The round was led by Hopu Fund along with China Broadband Capital, Mountain Morning Capital, Intelligent Fund of Funds, Total Energy Ventures, the venture capital arm of oil company Total, and TH Capital. Existing investors GLP, Bank of China Group Investment and Tencent also participated.
Beijing-based G7 claims that this round marks the highest among Internet of Things (IoT) startups in the world. The company has raised a significant pile over the past three years. It completed its Series C fundraising of $75 million in April 2016, with money from Tencent, Singapore sovereign investment fund Temasek and Easter Bell Venture Capital. G7 finished another $45 million strategic fundraising in February 2017 from China Development Bank and GLP. And in December last year, it raised $70 million from GLP and Bank of China.
Founded in 2011, G7 set up a platform to provide a management system for truck freight companies. It then expanded its business by cooperating with some delivery companies such as DHL and ZTO Express. Later on, the company started to develop hardware for trucks and trailers. Its system helps companies track deliveries and manage freight.
G7 claims more than 60,000 clients and says that it has 800,000 vehicles in its system.
The company also set up autonomous trucking company Inceptio, as a joint venture in October, with GLP and electronic car manufacturer NIO.
There has been a heavy investment into China's logistics sector over the past few months. Ant Financial led $144 million investment into logistics management platform Keking last week; GLP participated in the $216 million fundraising for lorry logistics company Juma last month, and Warburg Pincus invested $100 million in a logistics robot developer called Geek+ in November. The investment in G7 this time is the biggest so far.

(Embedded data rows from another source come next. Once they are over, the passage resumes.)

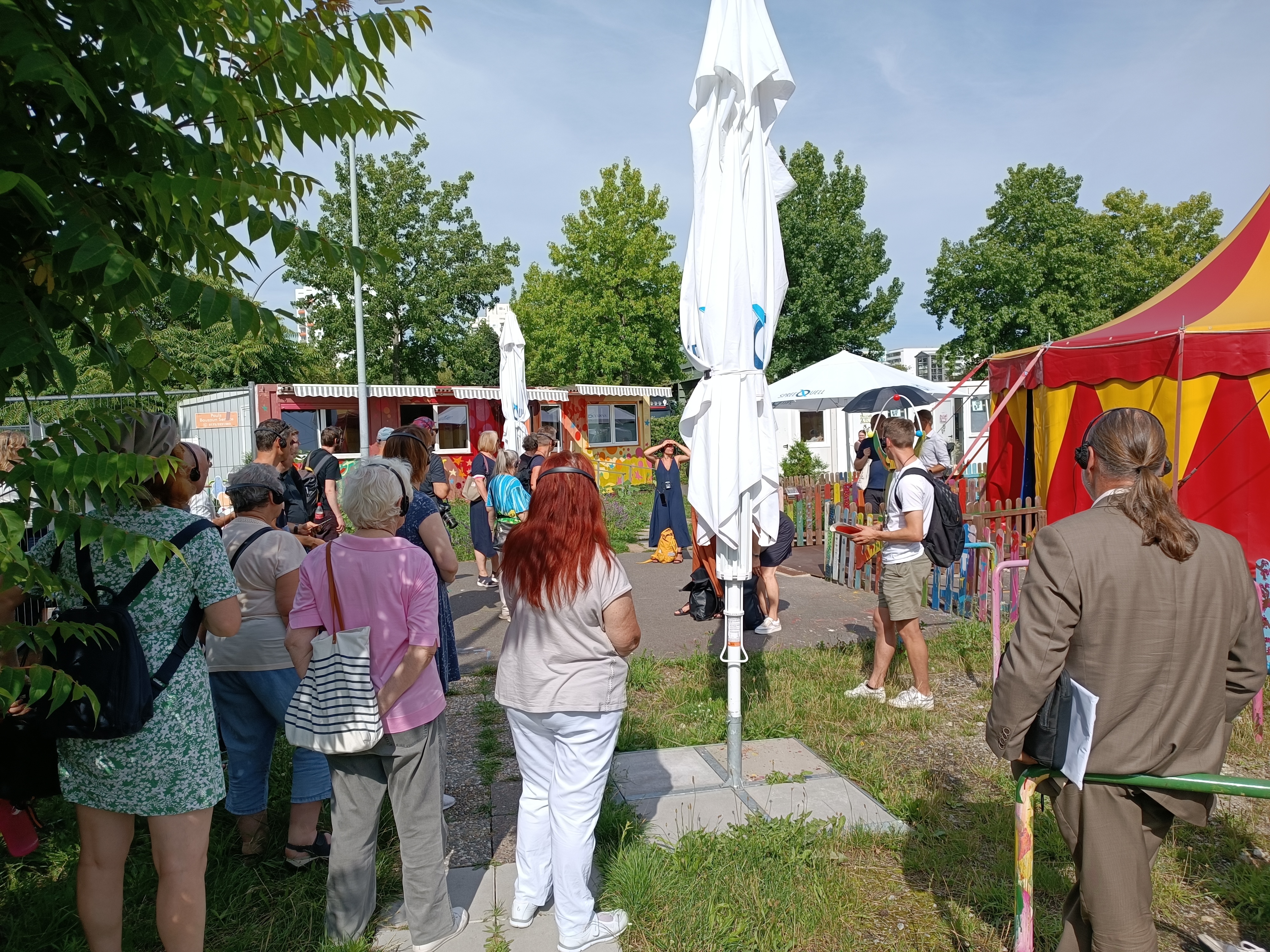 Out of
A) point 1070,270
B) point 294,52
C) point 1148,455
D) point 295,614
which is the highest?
point 1070,270

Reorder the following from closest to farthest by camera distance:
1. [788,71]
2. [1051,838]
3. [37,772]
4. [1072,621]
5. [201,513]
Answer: [1072,621]
[37,772]
[1051,838]
[788,71]
[201,513]

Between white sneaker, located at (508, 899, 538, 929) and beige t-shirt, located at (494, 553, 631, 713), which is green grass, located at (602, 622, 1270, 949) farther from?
beige t-shirt, located at (494, 553, 631, 713)

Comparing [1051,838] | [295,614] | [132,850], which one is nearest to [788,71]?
[295,614]

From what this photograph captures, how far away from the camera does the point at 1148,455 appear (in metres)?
2.36

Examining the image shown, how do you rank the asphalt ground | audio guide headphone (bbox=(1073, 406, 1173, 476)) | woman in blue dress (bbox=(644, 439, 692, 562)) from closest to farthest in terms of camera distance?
audio guide headphone (bbox=(1073, 406, 1173, 476)), the asphalt ground, woman in blue dress (bbox=(644, 439, 692, 562))

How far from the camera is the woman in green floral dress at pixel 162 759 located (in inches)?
98.3

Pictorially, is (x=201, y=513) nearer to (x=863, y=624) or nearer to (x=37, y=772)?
(x=37, y=772)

Since last year Beijing has called for the development of “smart logistics” and has encouraged private and foreign capital to help build logistics infrastructure companies. Chinese internet giants have also actively invested in the sector, not only to develop e-commerce itself but also in any technology that can apply to the industry. But as the lowest hanging fruit, logistics is where the money has been gathering.